Hacker News new | ask | show | jobs
by pmalynin 3742 days ago
The problem is, for an early stage startup incidents like this are deadly. Especially since we just applied to a bunch of accelerators.
5 comments

I get that this is a pain in the ass. I've got a significant chunk of infrastructure on DO, I've got work to do today that depends on those machines. I learned about this simultaneously when a deployment failed and I got a text from an engineer at a company I consult with. Not a great way to start the day, for sure.

Know what I'm going to do? I'm going to have a cup of coffee and play with my dogs for a bit. It's inconvenient, it's going to delay things, and I'm a bit choked about it. But it's not worth getting angry over, because there's nothing I can do about it today.

The resolution is, for any app/startup/business everything is a risk and if you didn't include the edge-case of "What happens if my primary DNS nameserver goes down for my domain?" into account. Is all you can do is blame DO?

If your app goes down do you have failover for that? Or do you blame your devops team?

Any small business has to manage which risks it accepts. OP got the Digital Ocean service to try and mitigate this risk to a degree. Beyond that, it becomes a question of accept risk in other aspects of product or a risk that your primary DNS server provider will fail?

The reality is, you have limited development and financial resources so you simple can’t do everything. Sure, in a vacuum, or in a larger enterprise, we’d love to manage every risk. But when we're just starting out that’s not realistic, and we do have a right to be upset at Digital Ocean's service going down while at the same time realizing that yes, ideally we would / should have had redundancy in place already.

Your question on blaming the devops team is exactly the mindset of someone who has a lot more resources than a brand new startup. In a brand new startup there IS NO devops team. If you're lucky, there is one person who does the devops work part time, balanced with a bunch of other development work he/she also does.

We have auto failover for server, app, and database failures -- this can be easily managed.
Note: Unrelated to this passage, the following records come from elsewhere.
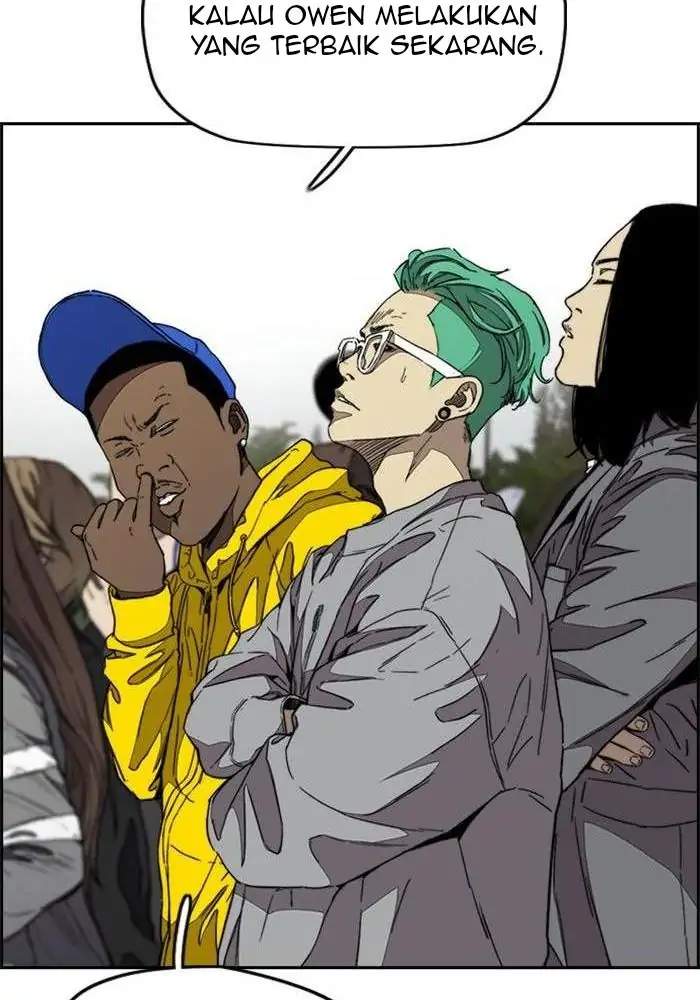 Wind Breaker Chapter 323 Gambar 77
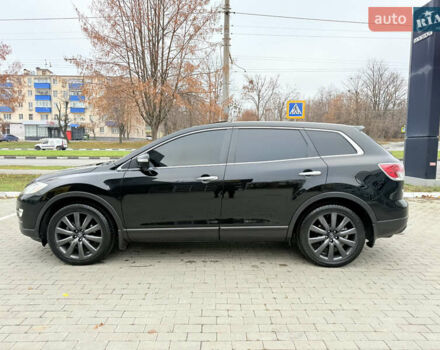 Черный Мазда СХ-9, объемом двигателя 3.5 л и пробегом 242 тыс. км за 7850 $, фото 38 на Automoto.ua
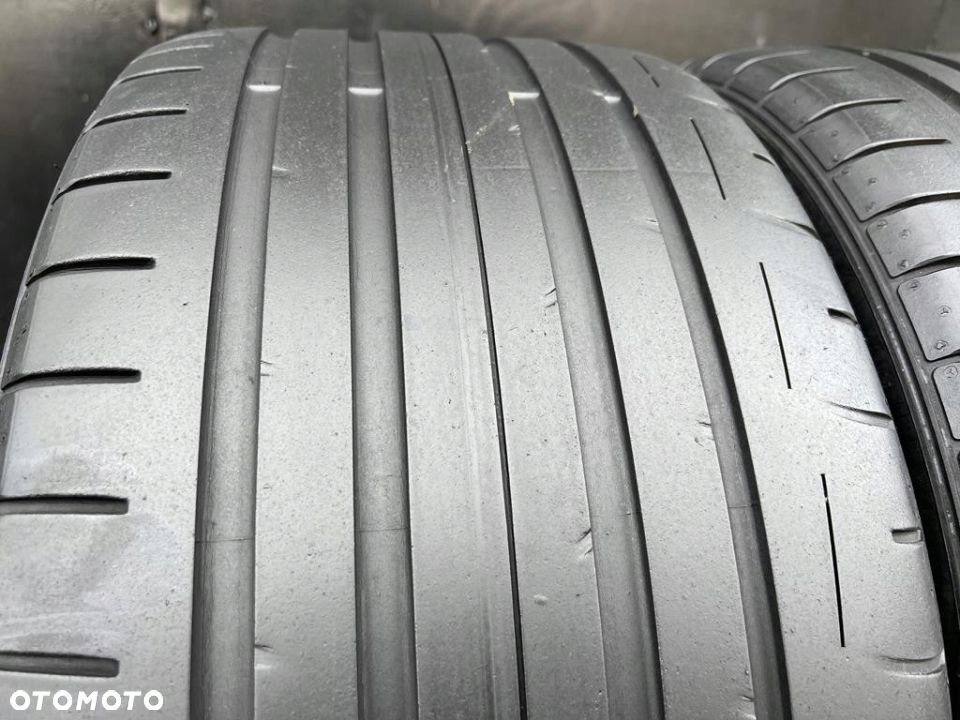 275/40R18 Dunlop Sport Maxx RT2 XL para opon lato - 2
DNS Nameserver failover should have been built-in, after all there is a reason we specify 3 DNS nameservers into the domain configuration, since Digital Ocean took on this task (whereby we used Gandi's DNS before that) we expected it to perform as advertised -- so yes blame lies with DO.
It's still entirely your fault. Something like Route53/Cloudflare is dirt cheap and crazy redundant. Don't risk your business on free/side services.
You can go to your domain registrar and switch to another DNS provider (GoDaddy has their own DNS service).
Be happy that this happend early. Now you know that you should never ever have a single point of failure.